Try it: Would you repeat the data below exactly, taking out the images?

Supplied data:

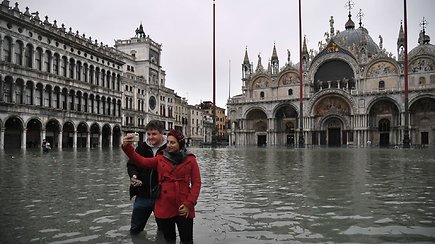 Veneciją užliejo aukščiausias per daugiau kaip 50 metų potvynis – žaizda paliks nuolatinę žymę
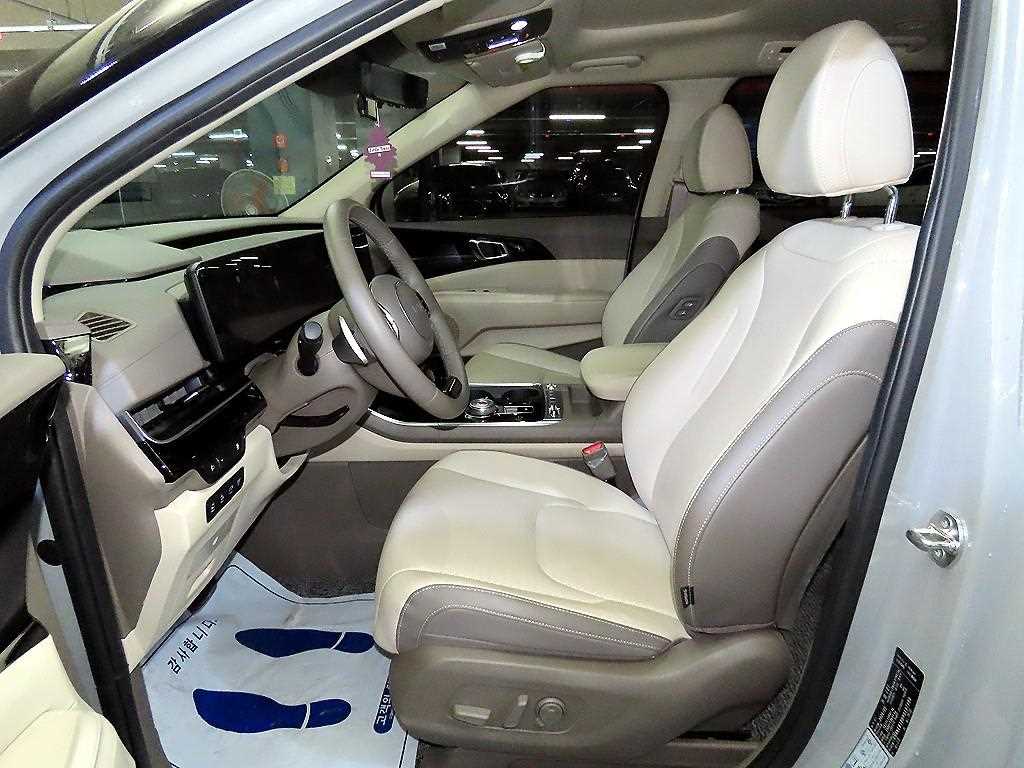 KIA Carnival - Vista 6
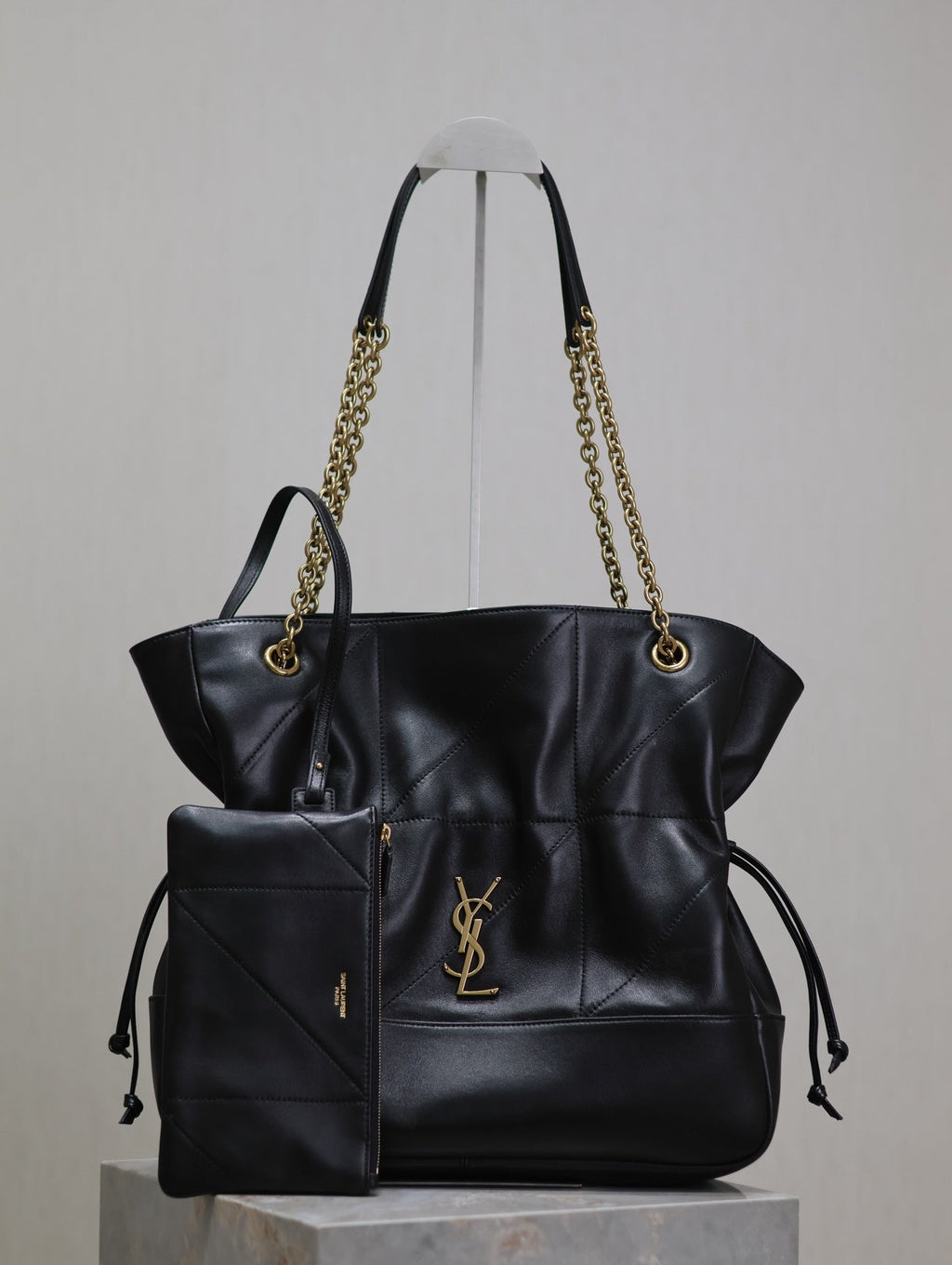 Niki Soft Chain Shoulder Bag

Task result:
 Veneciją užliejo aukščiausias per daugiau kaip 50 metų potvynis – žaizda paliks nuolatinę žymę
 KIA Carnival - Vista 6
 Niki Soft Chain Shoulder Bag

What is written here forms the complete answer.